> [WHAT IS REQUIRED]
Find "full set motor" below and begin at its line; stop after the line with "Garden Gazebo Hanging". Output those lines exactly, without pictures.

> [INFORMATION SUPPLIED]
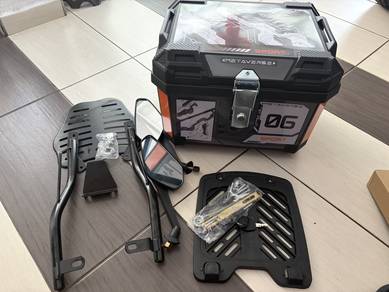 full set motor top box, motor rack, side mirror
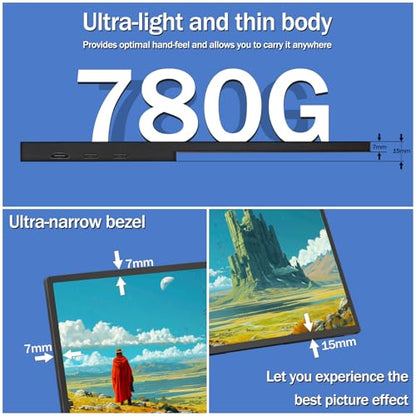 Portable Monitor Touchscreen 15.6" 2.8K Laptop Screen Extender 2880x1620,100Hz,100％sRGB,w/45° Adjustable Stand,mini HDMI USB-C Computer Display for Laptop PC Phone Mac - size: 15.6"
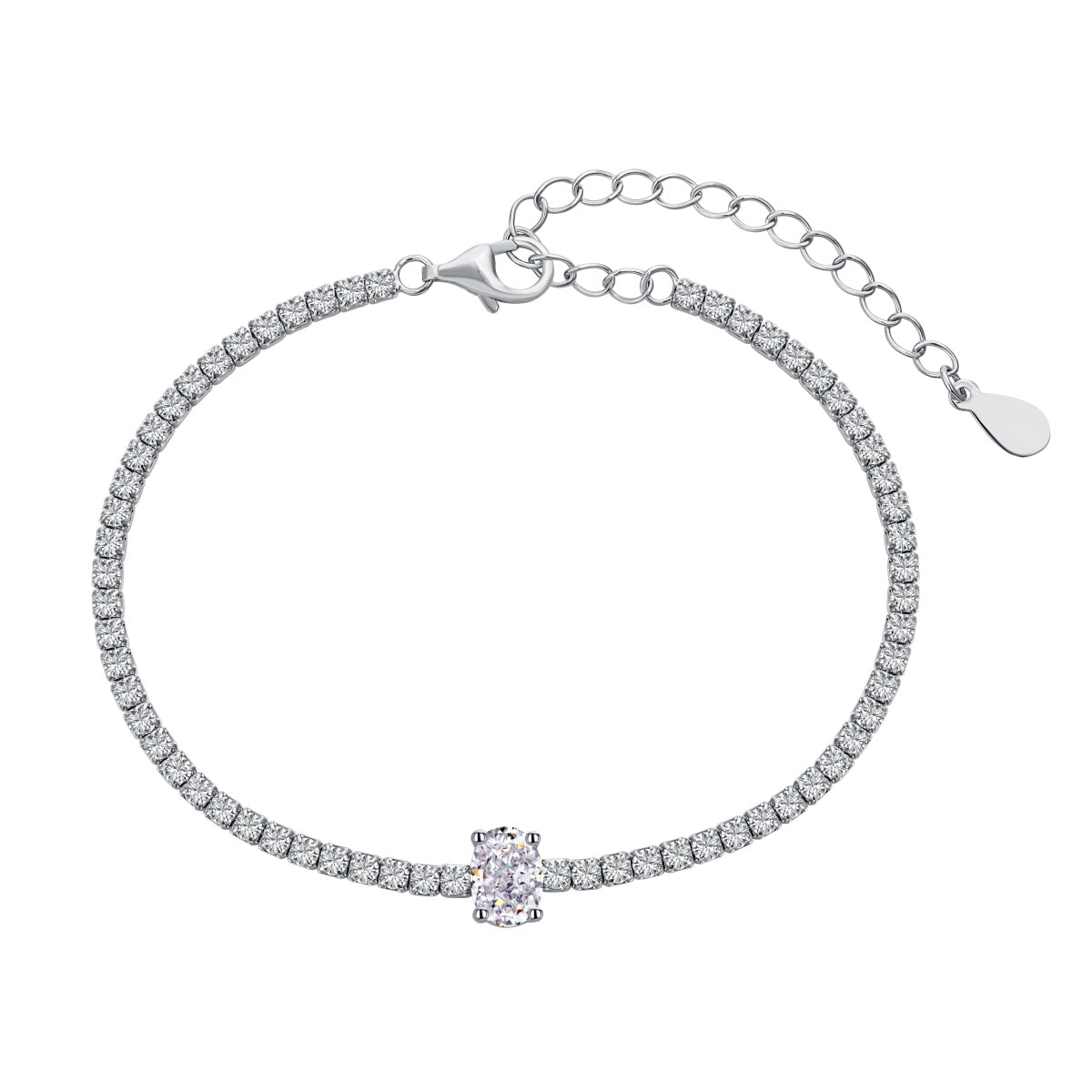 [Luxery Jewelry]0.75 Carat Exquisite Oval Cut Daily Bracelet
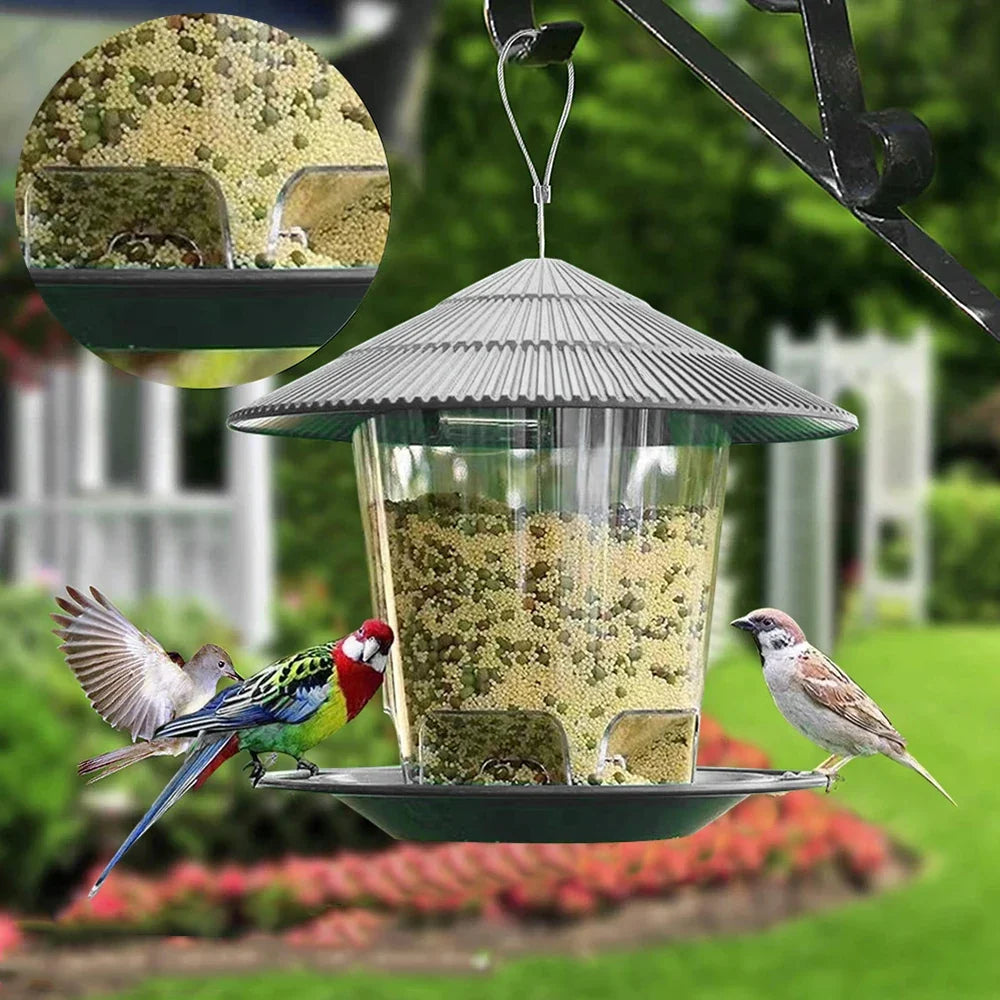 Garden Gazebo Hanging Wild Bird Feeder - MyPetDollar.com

* * *

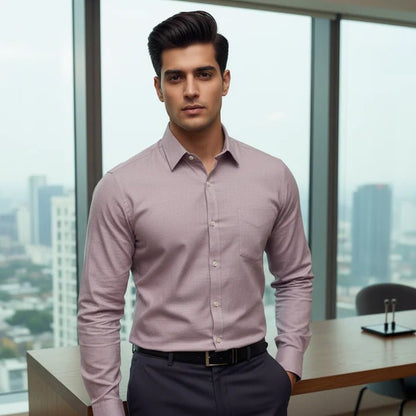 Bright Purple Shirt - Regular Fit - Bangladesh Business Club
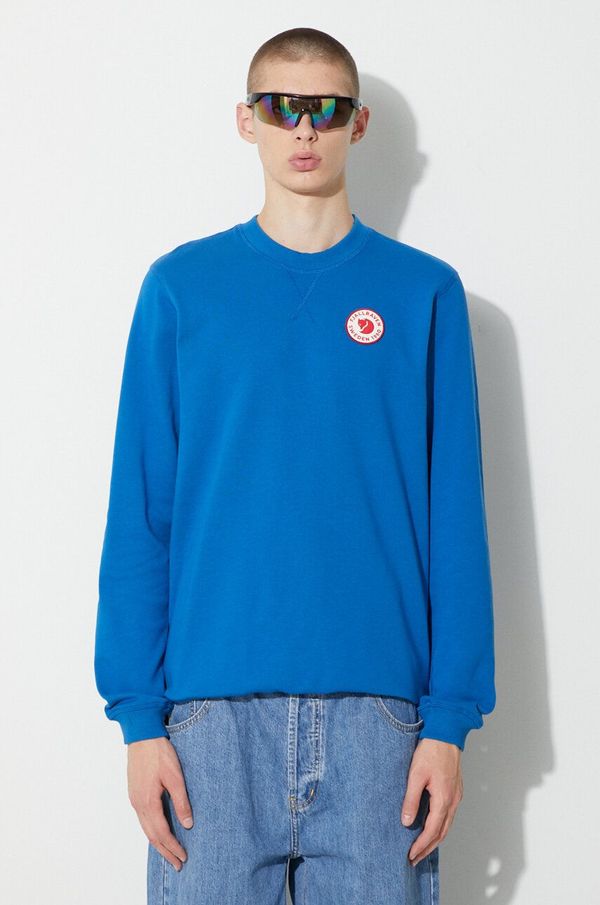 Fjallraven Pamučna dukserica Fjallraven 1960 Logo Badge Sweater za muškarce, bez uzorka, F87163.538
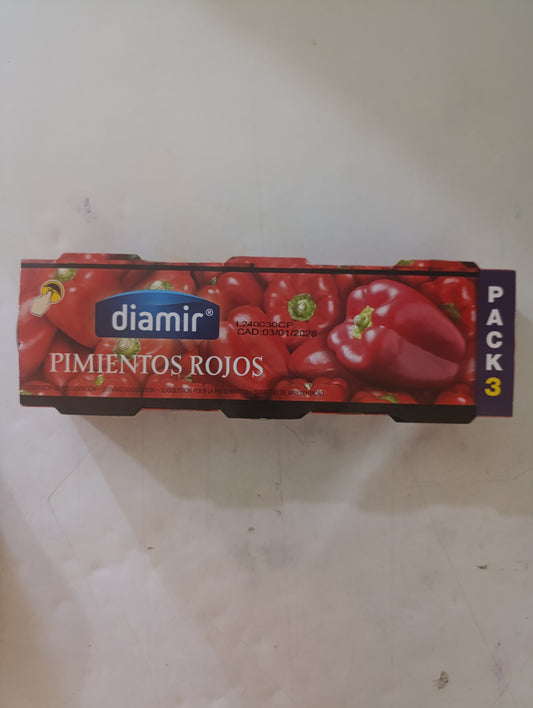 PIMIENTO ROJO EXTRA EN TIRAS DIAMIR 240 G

> [TASK ANSWER]
 full set motor top box, motor rack, side mirror
 Portable Monitor Touchscreen 15.6" 2.8K Laptop Screen Extender 2880x1620,100Hz,100％sRGB,w/45° Adjustable Stand,mini HDMI USB-C Computer Display for Laptop PC Phone Mac - size: 15.6"
 [Luxery Jewelry]0.75 Carat Exquisite Oval Cut Daily Bracelet
 Garden Gazebo Hanging Wild Bird Feeder - MyPetDollar.com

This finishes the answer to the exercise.